New vehicle sales in Malaysia continued to rise in December 2022, by 17% to 76,657 units from 65,184 units a year earlier, according to registration data released by the Malaysian Automotive Association (MAA).

The vehicle market this year has rebounded beyond pre-pandemic levels and on to new highs after two years of decline. Full year sales surged 42% to 720,658 units from 508,883 units in 2021, driven by a strong rebound in economic activity and government stimulus policies including the year long suspension of the vehicle sales tax which was withdrawn at the end of June but with deliveries of pre-purchased vehicles allowed until March 2023.

Passenger vehicle sales rose 42% to 641,773 units last year from 452,486 units while commercial vehicle sales were up 40% at 78,885 units from 56,397 units.
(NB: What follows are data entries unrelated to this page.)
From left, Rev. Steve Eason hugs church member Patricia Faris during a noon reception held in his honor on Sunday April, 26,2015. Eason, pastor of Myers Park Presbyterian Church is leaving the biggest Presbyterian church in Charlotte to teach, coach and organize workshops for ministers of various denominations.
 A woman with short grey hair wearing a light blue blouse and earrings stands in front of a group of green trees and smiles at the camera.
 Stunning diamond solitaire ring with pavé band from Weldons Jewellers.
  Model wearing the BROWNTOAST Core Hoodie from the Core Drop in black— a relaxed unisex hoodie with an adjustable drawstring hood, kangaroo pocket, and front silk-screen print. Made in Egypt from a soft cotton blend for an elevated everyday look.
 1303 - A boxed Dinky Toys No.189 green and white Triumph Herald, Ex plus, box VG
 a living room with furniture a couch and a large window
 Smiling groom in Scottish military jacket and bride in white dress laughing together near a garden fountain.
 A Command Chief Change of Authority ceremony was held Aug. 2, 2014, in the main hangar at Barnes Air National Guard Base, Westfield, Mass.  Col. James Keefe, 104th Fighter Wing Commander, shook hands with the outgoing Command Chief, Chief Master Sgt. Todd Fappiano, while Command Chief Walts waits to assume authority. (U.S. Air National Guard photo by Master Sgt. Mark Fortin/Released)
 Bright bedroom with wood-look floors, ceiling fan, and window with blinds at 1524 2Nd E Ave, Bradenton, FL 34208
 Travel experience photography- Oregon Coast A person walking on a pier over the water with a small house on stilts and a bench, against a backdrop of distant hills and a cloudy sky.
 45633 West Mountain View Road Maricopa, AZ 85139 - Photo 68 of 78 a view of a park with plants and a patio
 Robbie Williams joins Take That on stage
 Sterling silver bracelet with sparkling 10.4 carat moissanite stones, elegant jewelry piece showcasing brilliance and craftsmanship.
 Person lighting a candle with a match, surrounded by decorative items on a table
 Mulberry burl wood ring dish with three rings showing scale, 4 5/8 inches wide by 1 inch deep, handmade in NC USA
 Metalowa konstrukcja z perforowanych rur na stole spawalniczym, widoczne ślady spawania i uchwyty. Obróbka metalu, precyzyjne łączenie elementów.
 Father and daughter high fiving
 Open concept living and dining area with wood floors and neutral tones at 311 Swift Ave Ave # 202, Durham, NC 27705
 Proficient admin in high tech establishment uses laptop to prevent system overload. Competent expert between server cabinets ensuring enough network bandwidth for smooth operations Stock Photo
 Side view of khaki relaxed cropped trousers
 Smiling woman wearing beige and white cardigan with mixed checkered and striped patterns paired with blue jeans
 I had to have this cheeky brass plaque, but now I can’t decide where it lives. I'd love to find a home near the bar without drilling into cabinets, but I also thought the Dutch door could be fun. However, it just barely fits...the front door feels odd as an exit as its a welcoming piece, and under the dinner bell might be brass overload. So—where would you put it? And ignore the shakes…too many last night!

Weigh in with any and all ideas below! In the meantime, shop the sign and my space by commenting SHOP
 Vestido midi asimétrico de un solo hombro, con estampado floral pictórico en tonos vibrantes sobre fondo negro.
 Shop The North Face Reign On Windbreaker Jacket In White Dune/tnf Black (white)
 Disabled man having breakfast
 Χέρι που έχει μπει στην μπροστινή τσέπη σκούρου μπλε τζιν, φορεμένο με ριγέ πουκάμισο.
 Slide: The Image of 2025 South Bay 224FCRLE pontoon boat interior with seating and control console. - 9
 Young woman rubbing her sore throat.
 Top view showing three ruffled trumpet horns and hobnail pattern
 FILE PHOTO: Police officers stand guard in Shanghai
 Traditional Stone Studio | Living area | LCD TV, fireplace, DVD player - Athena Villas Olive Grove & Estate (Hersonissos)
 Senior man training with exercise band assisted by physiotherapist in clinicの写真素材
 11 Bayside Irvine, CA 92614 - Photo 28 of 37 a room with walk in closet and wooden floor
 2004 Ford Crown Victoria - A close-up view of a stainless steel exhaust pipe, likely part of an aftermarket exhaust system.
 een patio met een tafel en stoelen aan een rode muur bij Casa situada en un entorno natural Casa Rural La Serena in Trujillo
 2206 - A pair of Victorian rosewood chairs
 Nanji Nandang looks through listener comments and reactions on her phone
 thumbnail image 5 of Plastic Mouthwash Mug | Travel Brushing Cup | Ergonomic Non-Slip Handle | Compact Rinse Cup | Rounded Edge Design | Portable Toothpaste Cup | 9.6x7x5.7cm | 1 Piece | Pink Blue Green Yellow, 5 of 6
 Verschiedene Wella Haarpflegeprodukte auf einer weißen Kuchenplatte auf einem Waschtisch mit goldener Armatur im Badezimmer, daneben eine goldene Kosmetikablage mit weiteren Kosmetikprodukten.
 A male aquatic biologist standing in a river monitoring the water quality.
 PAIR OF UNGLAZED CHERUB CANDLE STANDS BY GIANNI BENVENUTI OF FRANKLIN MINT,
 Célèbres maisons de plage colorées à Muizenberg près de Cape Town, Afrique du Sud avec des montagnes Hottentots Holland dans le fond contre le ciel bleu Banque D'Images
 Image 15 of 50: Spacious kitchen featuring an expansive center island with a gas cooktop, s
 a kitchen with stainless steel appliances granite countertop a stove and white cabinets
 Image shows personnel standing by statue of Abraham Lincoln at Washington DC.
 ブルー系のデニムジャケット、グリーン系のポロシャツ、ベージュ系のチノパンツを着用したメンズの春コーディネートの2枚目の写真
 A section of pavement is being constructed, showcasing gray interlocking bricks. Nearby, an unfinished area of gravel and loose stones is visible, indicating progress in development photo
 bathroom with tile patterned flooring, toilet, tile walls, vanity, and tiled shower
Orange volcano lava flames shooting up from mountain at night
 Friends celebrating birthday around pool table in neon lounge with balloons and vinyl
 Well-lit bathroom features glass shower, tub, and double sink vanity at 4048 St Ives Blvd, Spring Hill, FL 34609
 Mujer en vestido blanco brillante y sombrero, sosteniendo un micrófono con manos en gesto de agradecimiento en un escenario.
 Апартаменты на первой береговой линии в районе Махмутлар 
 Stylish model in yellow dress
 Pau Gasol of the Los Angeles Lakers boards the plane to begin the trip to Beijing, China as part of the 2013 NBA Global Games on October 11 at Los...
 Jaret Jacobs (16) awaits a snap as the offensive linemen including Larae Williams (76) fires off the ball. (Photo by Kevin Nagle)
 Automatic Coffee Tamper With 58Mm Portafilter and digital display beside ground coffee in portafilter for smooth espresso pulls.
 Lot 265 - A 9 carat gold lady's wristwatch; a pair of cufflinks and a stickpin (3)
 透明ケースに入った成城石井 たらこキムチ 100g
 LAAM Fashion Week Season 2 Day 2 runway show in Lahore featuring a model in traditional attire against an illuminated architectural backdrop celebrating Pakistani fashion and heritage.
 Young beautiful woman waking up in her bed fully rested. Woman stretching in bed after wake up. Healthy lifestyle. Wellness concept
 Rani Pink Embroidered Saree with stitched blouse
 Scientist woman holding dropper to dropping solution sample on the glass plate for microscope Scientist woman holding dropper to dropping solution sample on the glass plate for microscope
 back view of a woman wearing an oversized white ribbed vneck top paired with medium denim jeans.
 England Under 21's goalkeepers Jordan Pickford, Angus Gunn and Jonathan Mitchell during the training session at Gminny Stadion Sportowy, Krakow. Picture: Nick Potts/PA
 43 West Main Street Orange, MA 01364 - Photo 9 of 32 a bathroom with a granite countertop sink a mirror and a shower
Battery electric vehicle (BEV) sales surged tenfold to 2,631 units from just 274 in 2021 while total vehicle production in the country increased by 38% to 702,275 units from 508,911 units.

Market leader Perodua’s sales rose by 48% to 282,019 units last year, driven by popular models such as the Bezza, MyVi and Axia. The launch of the new 1.5-litre Alza model in July helped to drive up sales in the second half of the year.

Proton’s global sales increased 23% to 141,432 units last year, including 5,406 exports, with production picking up in the second half of the year following earlier disruption to its operations. The Saga was the company’s best selling model last year with 55,878 registrations, followed by Geely based models such as the X50 with 40,681 and the X70 with 18,533 units.

UMW Toyota reported a 40% sales rise to 101,035 units last year, helped by strong demand for models such as the locally assembled Corolla Cross Hybrid and the Hilux pickup truck. The company plans to launch a second hybrid electric vehicle model this year and possibly also a new BEV model.

The MAA expected the overall vehicle market to decline 10% to 650,000 units in 2023 after a bumper year in 2022, reflecting the withdrawal of sales incentives and weaker overall demand. The economy also faces increasing headwinds, including rising interest rates and inflation, and pressure on exports as global economic growth slows.